Es muy probable que el presidente Moreno haya tenido razones suficientes para decretar la extinción de la empresa de ferrocarriles, en medio de la batalla con una crisis fiscal que parece insuperable. Es más que probable que la llamada rehabilitación, perpetrada por el gobierno anterior, haya estado plagada de actos de corrupción, que seguramente habrán estado, o están, en la mira de la Fiscalía y la Contraloría. A los ecuatorianos de mi generación estas dos realidades nos provocan un sentimiento de profundo pesar, pues no atinamos a saber qué pasará en el futuro con el ferrocarril.
En nuestra niñez y juventud, el tren significaba la conquista de las distancias más remotas; la búsqueda de nuevos horizontes a través de volcanes indomables o llanuras fértiles, cruzando puentes tendidos sobre los abismos y escondiéndose en túneles. Un encuentro con centenares de pueblos y millares de gentes, que mostraban una oferta multicolor frente a los ojos asombrados de los viajeros. Una ilusión, que comenzaba a la madrugada en Chimbacalle y, culminaba con las últimas luces del día, llegando a Durán, pasando el río, y en el encuentro final con Guayaquil.

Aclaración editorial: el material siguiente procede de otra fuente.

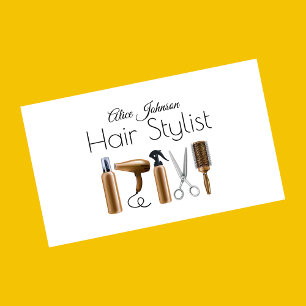 vitt lyxigt elegant professionellt frisersalong visitkort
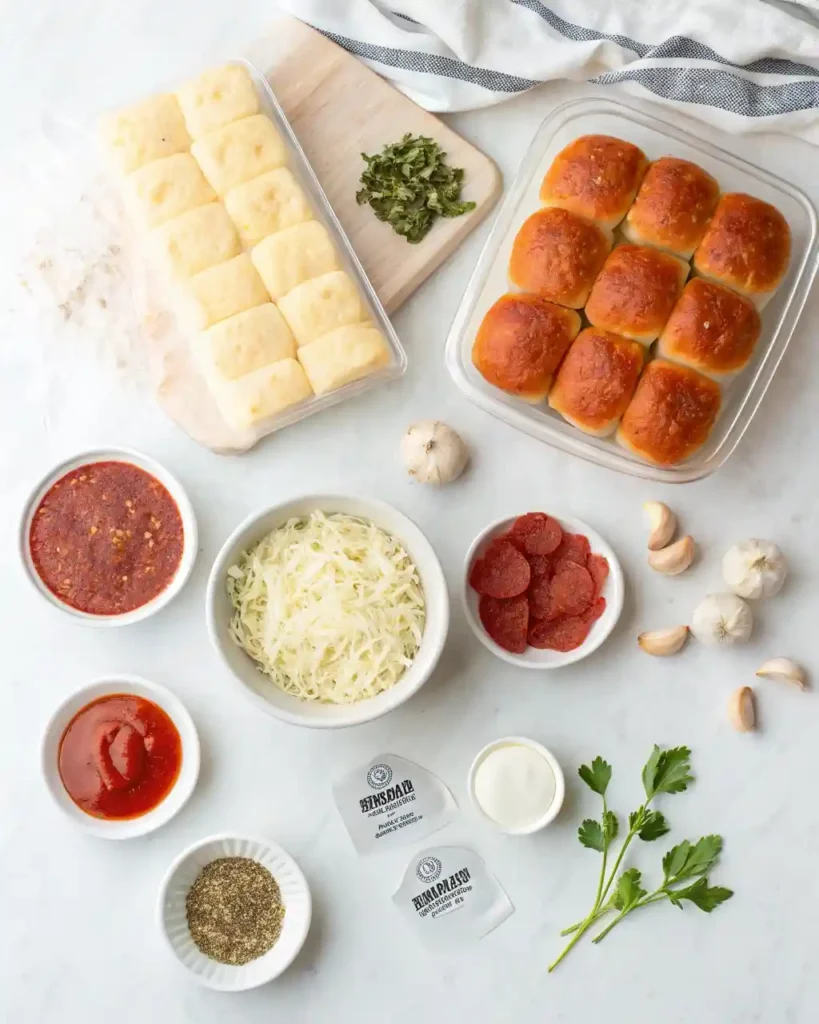 Neatly arranged ingredients for pizza sliders on a marble surface.

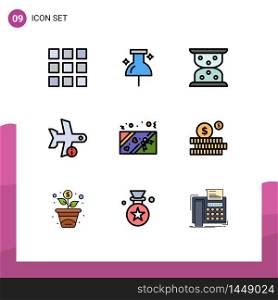 Set of 9 Modern UI Icons Symbols Signs for investment, present, flight, love, transportation Editable Vector Design Elements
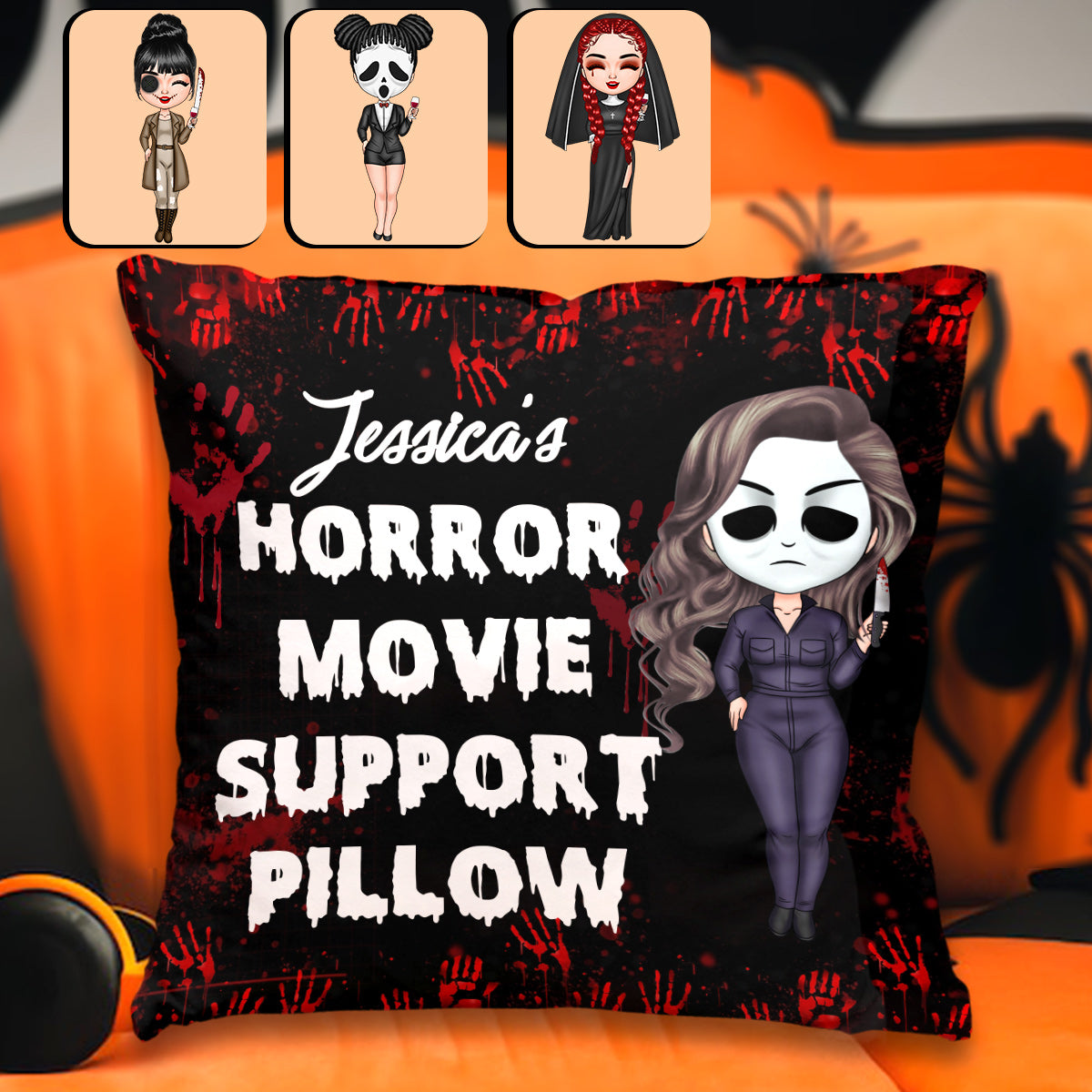 Personalized Horror Movie Support Pillow Custom Name Gift Throw Pillow GradoCreations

Más adelante nos enteramos de la epopeya de su construcción, como podríamos calificarla con justicia. Posiblemente la obra pública más importante de la historia ecuatoriana, con todo su bagaje de esfuerzo titánico, de superación y triunfos, de leyenda, y hasta de muerte. También supimos lo que significó para el desarrollo económico del país, para la unidad de sus regiones, inclusive para su autoestima como nación al haber culminado esta obra imposible. Y hasta se nos contó de su papel en la tragedia de la política nacional. El tren marcó sin exageración un antes y un después en la vida del país.
Todo esto es tiempo pasado, se me replicará. Se agregará que ahora ya no hay lugar para romanticismos. Distancias, búsquedas, encuentros, en estos días se resuelven, se superan de otra manera, al ritmo de la premura de la época. Con el paso de los años, el tren se ha ido quedando como una pieza de museo, a la que resulta ilusorio darle una utilidad rentable, como lo exige la lógica economicista de los tiempos actuales, según ha quedado demostrado en estos últimos años.

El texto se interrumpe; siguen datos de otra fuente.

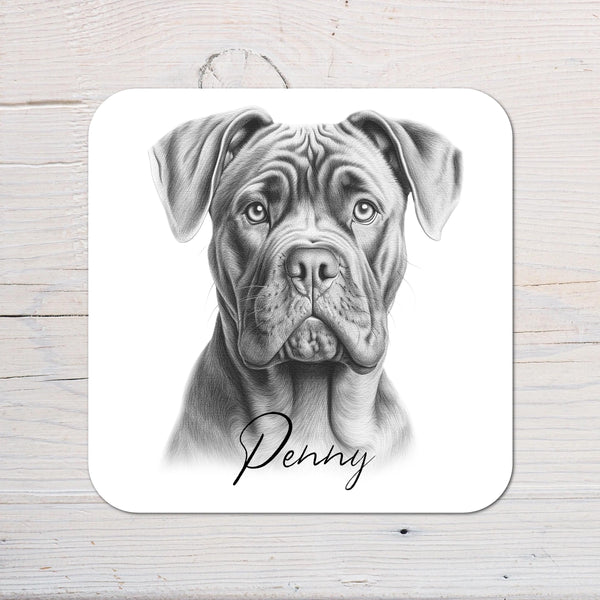 Cane Corso Dog Coaster personalised with any wording - Rainbowprint.uk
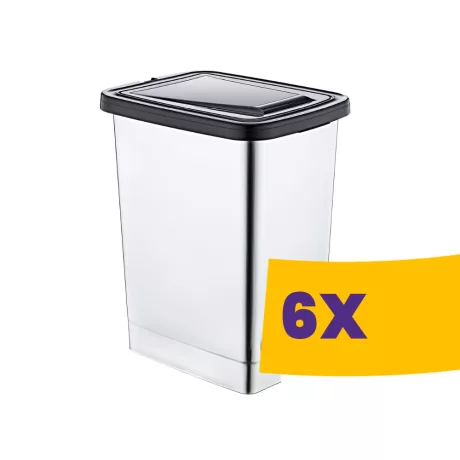 Fémhatású pedálos szemetes kivehető vödörrel 15L (Karton - 6 db)
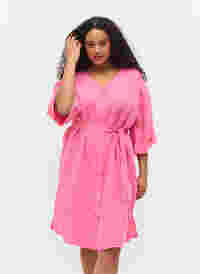 Kjole med 3/4-ermer og knyting, Shocking Pink, Model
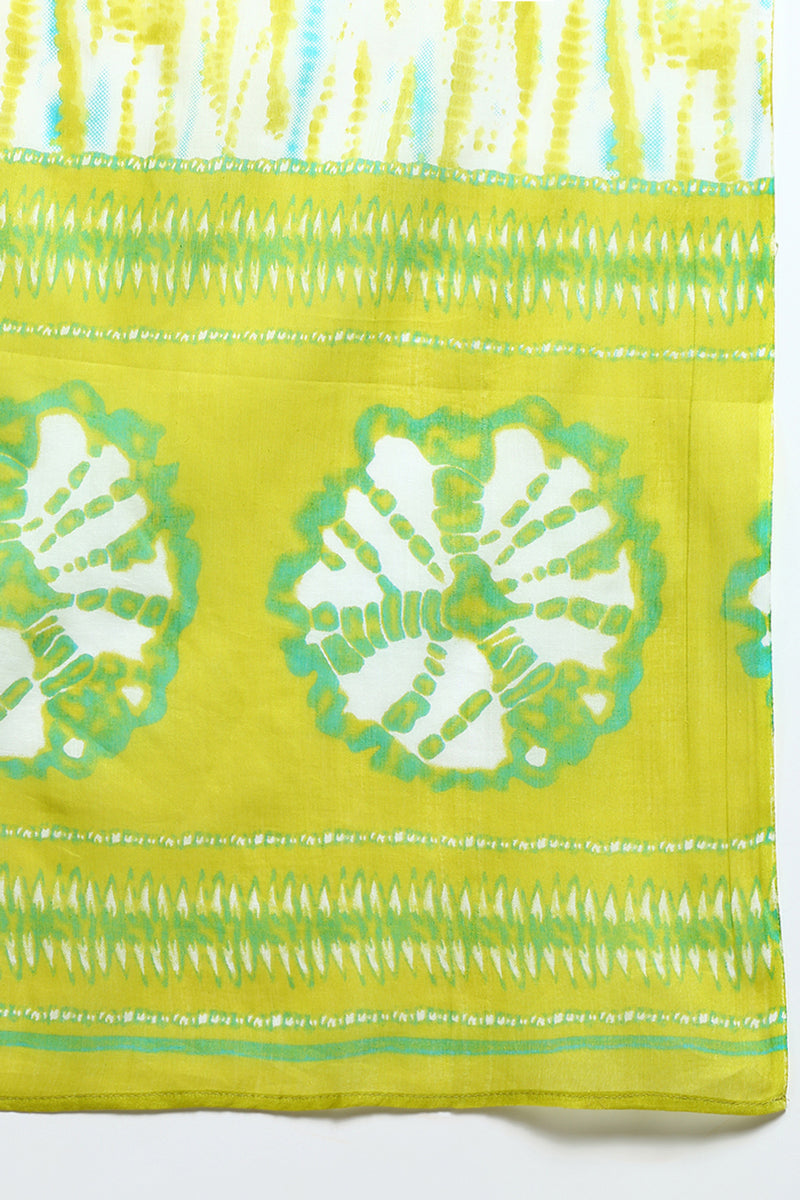 Cotton Green Bandhani Printed Straight Kurta Pant With Dupatta  | SHOBITAM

¿Por qué? Me pregunto. ¿Por qué los trenes siguen devorando kilómetros en tantos países del mundo, pero no en el Ecuador? ¿Se trata de una implacable imposición de la geografía? ¿O de una trágica herencia de la historia? ¿O es más bien una demostración más de improvisación, de irresponsabilidad, de cálculos equivocados, de incompetencia, de politiquería demagógica?
Quisiera encontrar una respuesta. Pero sobre todo quisiera que alguien me asegure que podemos seguir soñando en el tren.